Suzanne Maloney testifies before the House Subcommittee on Oversight and Investigations on the United States’ use of cash payments as economic leverage over Iran. Watch the hearing live on C-SPAN or read the full testimony below.

A #JasonisFree banner hangs from the entrance of the Washington Post during the grand opening of the paper's newsroom in Washington January 28, 2016. Reporter Jason Rezaian was recently released from 18 months in prison in Iran. REUTERS/Gary Cameron - RTX24GT5

Chairman Duffy, Ranking Member Green, and Members of the Subcommittee, thank you for the opportunity to appear before you today. I am very pleased to offer my views, but I must emphasize that I represent only myself before you today.
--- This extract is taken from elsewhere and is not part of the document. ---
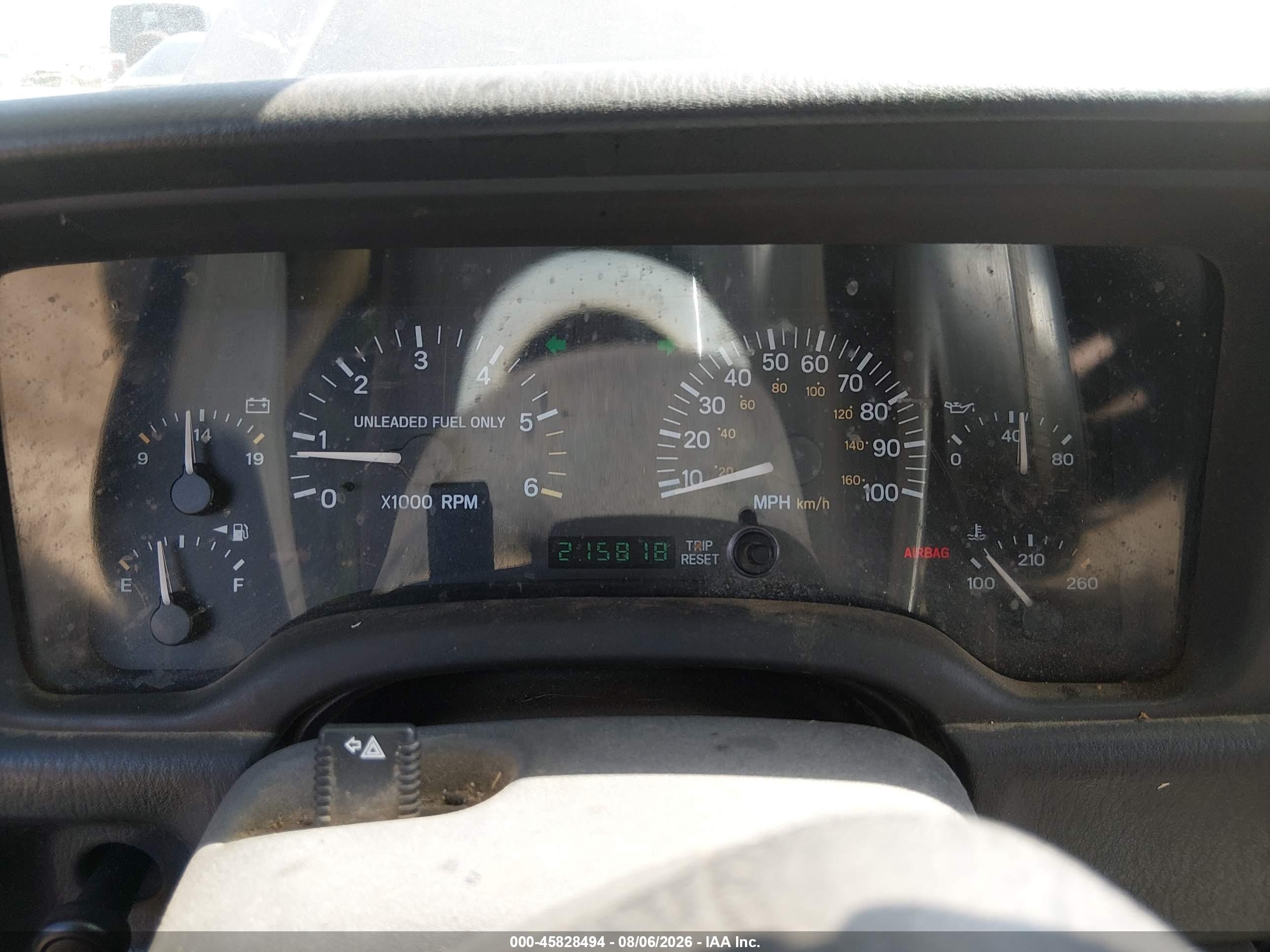 1998 Jeep Cherokee Sport Black vin: 1J4FT67S8WL236781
The Brookings Institution does not take any institutional positions on policy issues.

When five Americans returned home in January 2016 after months or even in some cases years of unjust imprisonment in Iran, Americans and the world rightly celebrated. Tehran’s detention of these individuals—including a Washington Post reporter, a Christian pastor, and a former U.S. Marine—as well as many, many other innocents underscores the threats to basic freedoms in Iran’s Islamic Republic.

That the detained Americans’ release was timed to coordinate with the settlement of a nearly forty-year-old financial dispute between the United States and Iran—and that this settlement included an airlift of foreign banknotes to Tehran—has prompted allegations that the Obama administration paid a “ransom” to Tehran.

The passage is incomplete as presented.